RoPE breaks down in long contexts, formal proof shows position-token indistinguishability
A new preprint proves that Rotary Positional Embeddings lose locality bias and token-relevance consistency as context grows, with failure probability approaching 0.5—no better than chance.

Rotary Positional Embeddings (RoPE), the positional encoding scheme used in most modern long-context language models from Llama to Qwen to Mistral, breaks down mathematically as context length increases. Researchers at Argonne National Laboratory and Amazon have published a formal proof showing that RoPE-based attention loses two core properties central to its effectiveness, with failure probability approaching 0.5—indistinguishable from random guessing.
The proof establishes two collapse modes.
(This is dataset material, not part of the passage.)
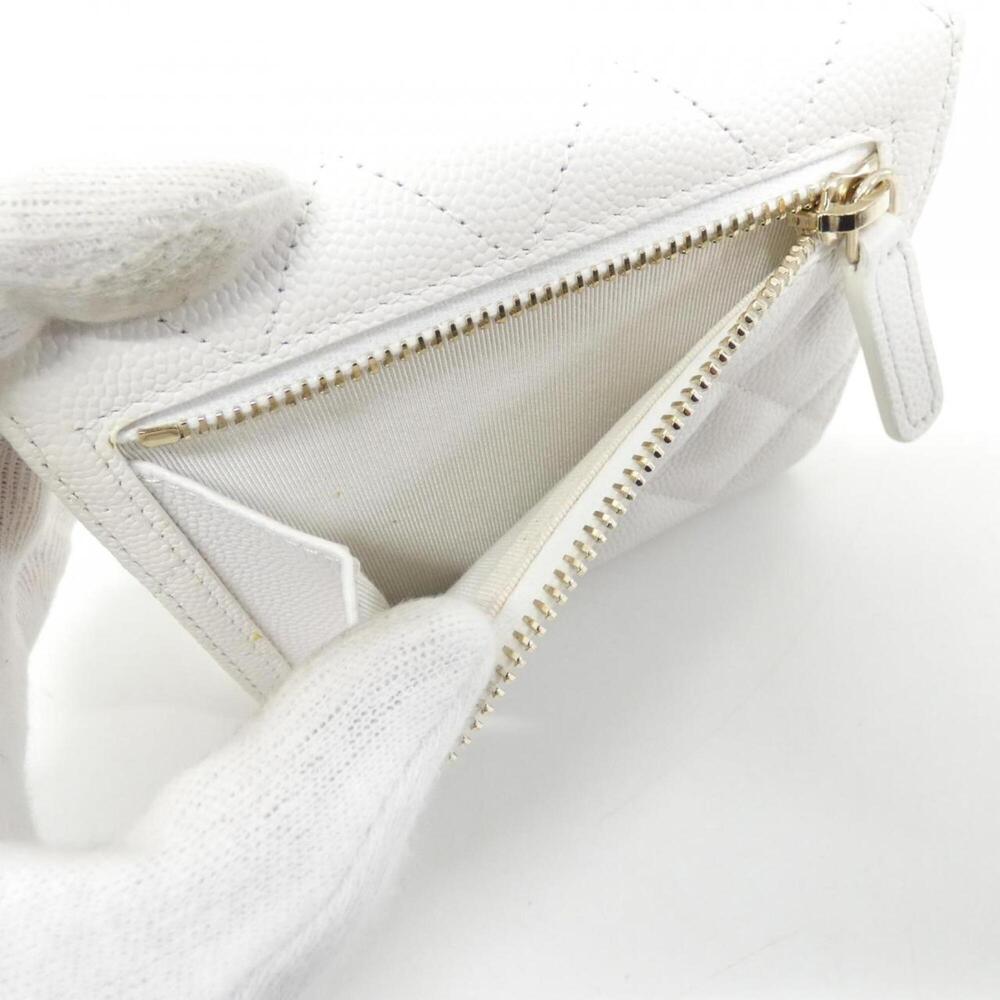 CHANEL White Wallet - Picture 9 of 10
First, RoPE loses its locality bias: the attention mechanism stops favoring nearby tokens over distant ones. A model querying position 500 in a 100k-token context becomes no more likely to attend to position 501 than to position 80,000. Second, RoPE loses consistency in token relevance. A key vector that scores higher attention than an alternative at one position may score lower at another position, even though the query and keys haven't changed. The analysis further demonstrates that attention scores can remain unchanged when a key token is moved to a different position or replaced by an entirely different token—a failure mode the authors call "position-token indistinguishability."
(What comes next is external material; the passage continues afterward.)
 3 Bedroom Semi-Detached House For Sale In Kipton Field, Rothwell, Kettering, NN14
Base hyperparameter tradeoff
Increasing the RoPE base hyperparameter—a standard trick for extending context in production models—helps the attention layer distinguish different tokens but sacrifices the ability to distinguish positions. The paper proves this is not a tuning problem but a fundamental constraint: RoPE cannot preserve both properties simultaneously in long contexts. Empirical tests confirm that multi-head and multi-layer architectures do not rescue RoPE from these limits. The findings suggest that Transformer-based long-context models may need a fundamentally different positional encoding mechanism to overcome these intrinsic limitations.